Diane soft-launched her business, Beckett Park Therapeutic Massage, in August of 2021. In her planning she assumed that the business would take a while to build up allowing her to keep her job at the doctor’s office. But once her doors opened, she was immediately busy.
“I had put a couple of ads in the community pages of the paper and had people calling at 11 at night and six in the morning,” says Diane. “Between my office job and my business, I was working 70 hours a week.”
It took Diane three months to hand in her notice at the doctor’s office. “It was really difficult because it was my financial safety net and I had to believe that my business would carry on and pay the bills,” she says, but: “It was the best thing I ever did.”
Two years later, Diane is earning twice what she earned in the doctor’s office, and she works half the hours.
“The whole vibe of my working life has changed and it’s amazing,” she says. “If I want to (book a) morning off to play pickleball or get a pedicure, I just do it.”
But it’s not just about the financial security.

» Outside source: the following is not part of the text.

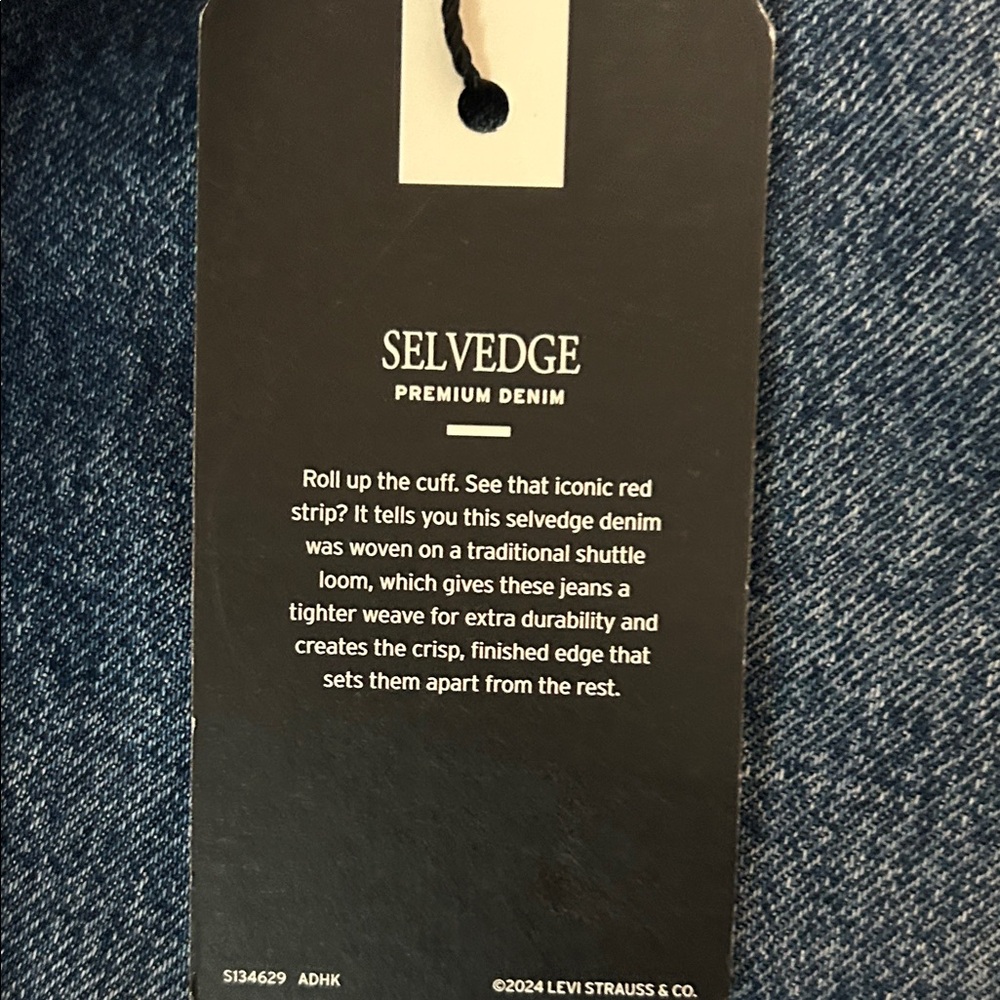 Levi's 501 ‘93 selvedge jeans - Picture 3 of 15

“I have just the most amazing clients who say the most wonderful things,” says Diane. “It’s such a lift when somebody comes and says this is the best hour of their day or the best hour of their month. I just think how lucky I am that I get to do this every day.”
Diane’s clients aren’t keeping it a secret. Her business was voted number one in Sundre in The Albertan newspaper’s Peoples’ Choice Awards for massage therapy this year.
“I just couldn’t believe it,” says Diane. “I’ve only been in business for two years and I’m just so grateful to be recognized like this.”
That recognition is the icing on the cake for Diane, given how much she loves her profession. “It’s not that you’re helping people and taking away from yourself,” she says. “You’re helping people and it’s filling your cup as well.”